Ormelle e Motta, in Keter arriva il premio variabile: accordo per 700 lavoratori
Via libera delle assemblee all’intesa negli stabilimenti trevigiani: quota base da 800 euro lordi, con possibilità di salire fino a circa 1.200.
Nei due poli produttivi Keter del Trevigiano prende forma una novità attesa sul fronte salariale. Le assemblee dei lavoratori hanno approvato l’accordo che introduce un premio di risultato destinato a circa 700 addetti tra Ormelle e Motta di Livenza.
Per l’azienda si tratta del primo ingresso strutturato della contrattazione di secondo livello in busta paga. L’intesa, firmata il 27 luglio 2026 dalla direzione e dalle Rsu di Filctem Cgil Treviso e Femca Cisl Belluno Treviso, prevede che il riconoscimento economico venga corrisposto a partire da maggio 2027.
Quanto vale il nuovo premio
La soglia di partenza è fissata in 800 euro lordi all’anno. L’importo potrà aumentare fino a circa 1.200 euro lordi, sulla base di risultati legati ad alcuni parametri individuati nell’accordo.

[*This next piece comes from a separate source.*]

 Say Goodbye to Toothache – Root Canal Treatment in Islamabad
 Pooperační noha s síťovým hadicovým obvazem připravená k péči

Tra gli indicatori presi in considerazione ci sono sicurezza, produttività e qualità, insieme a una componente collegata alle prestazioni individuali. È prevista inoltre la possibilità di trasformare la somma, o incrementarla, attraverso strumenti di welfare aziendale.

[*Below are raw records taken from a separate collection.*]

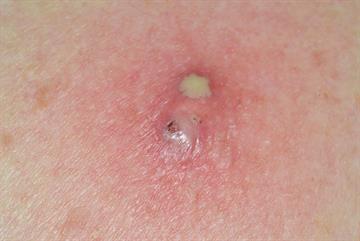 Bacterial infection: illustrated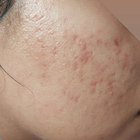 Thumbnail of www-reddit-com-r-skincareaddiction-comments-w1zgko-acne-how-can-i-get-rid-of-my-acne-scarring 0
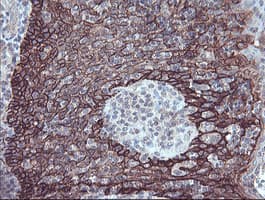 Monoclonal Mouse anti-Human FXYD3 Antibody (clone OTI1E8, IHC, IF, WB)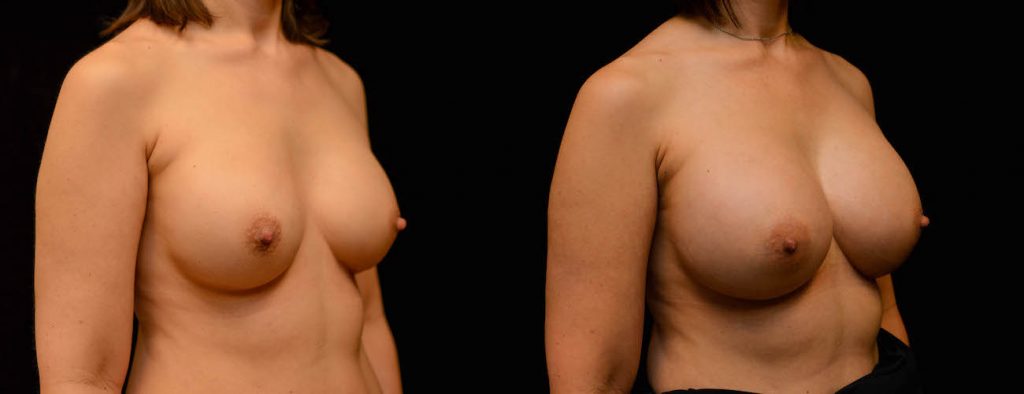 Breast Augmentation Before & After Patient #1842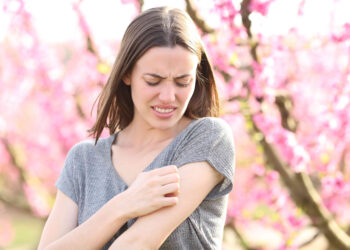 Experto de Vithas alerta sobre cómo prevenir los brotes de dermatitis que se agravan en primavera
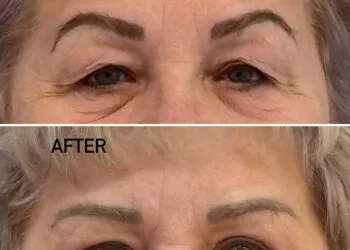 Blefaroplastie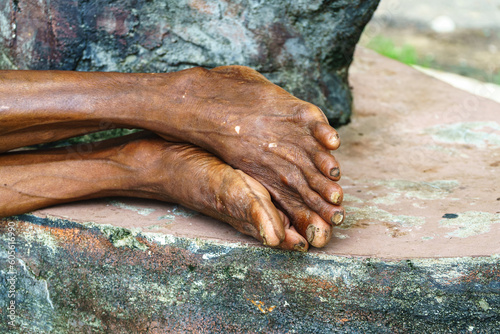 Feet of an old man with long and damaged nails and dry skin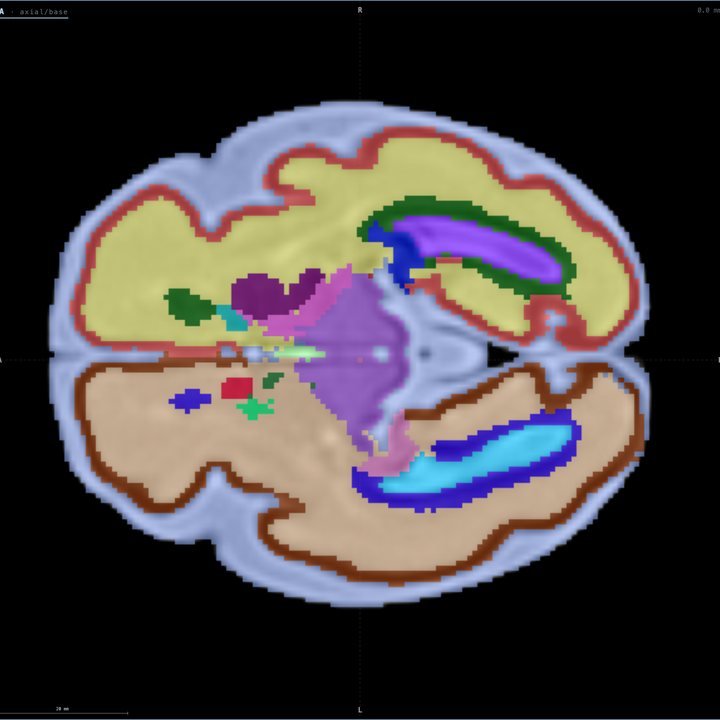 Capa Tejidos a las 30 semanas en Fetalia NeuroAtlas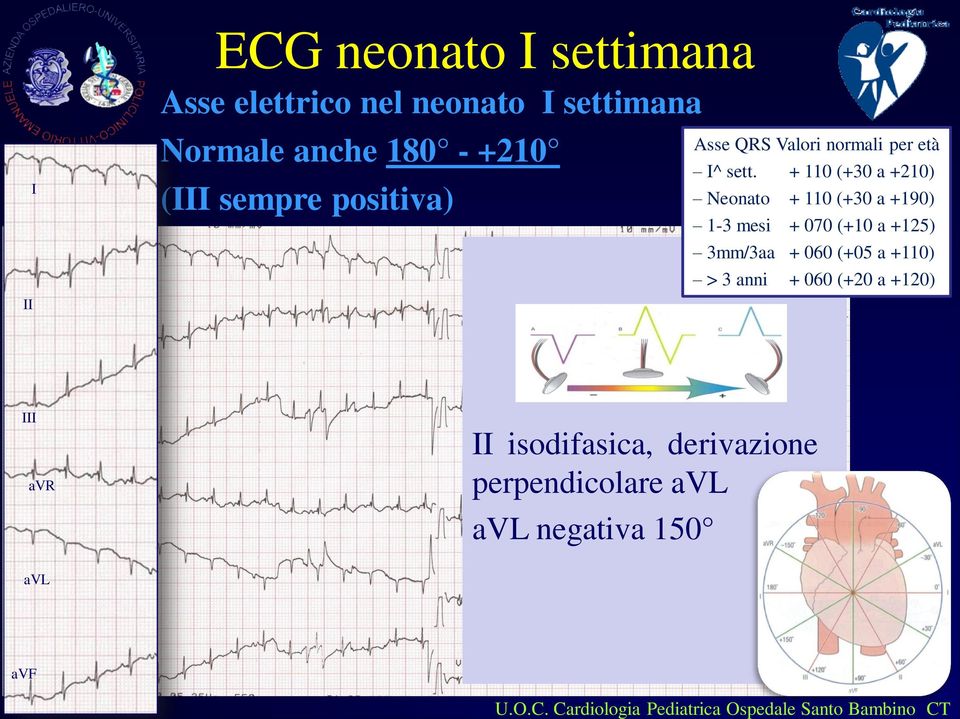 + 110 (+30 a +210) Neonato + 110 (+30 a +190) 1-3 mesi + 070 (+10 a +125) 3mm/3aa + 060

Un passaggio che riguarda due fabbriche del territorio
La misura coinvolge gli stabilimenti di Ormelle e Motta di Livenza, due siti che occupano complessivamente 700 persone. Keter Italia opera nella progettazione e nella produzione di articoli in plastica e resina ed è parte del gruppo Keter.
Nel quadro industriale della provincia di Treviso, l’accordo assume un peso particolare perché interessa una realtà di grandi dimensioni del comparto gomma-plastica. Il meccanismo scelto lega una parte del trattamento economico ai risultati raggiunti dall’organizzazione produttiva e al contributo del personale.
La lettura dei sindacati
Per Vincenzo Caldarella della Femca Cisl e Ivan Bellato della Filctem Cgil territoriali, l’intesa segna un passaggio rilevante nella storia aziendale. I rappresentanti sindacali parlano di un risultato importante perché introduce un sistema stabile di premio collegato alla performance e alla ricchezza generata dal lavoro.
Nella valutazione delle organizzazioni sindacali, il nuovo strumento rappresenta anche un riconoscimento concreto per lavoratrici e lavoratori dei due impianti trevigiani. Lo inseriscono inoltre in un confronto più ampio con l’impresa, con l’obiettivo di rafforzare nel tempo tenuta occupazionale e competitività produttiva.
Dopo la firma di fine luglio e il successivo consenso espresso nelle assemblee, il percorso entra quindi nella fase applicativa. Il primo appuntamento indicato dall’accordo resta quello di maggio 2027, quando il premio dovrebbe comparire per la prima volta nelle buste paga dei dipendenti coinvolti.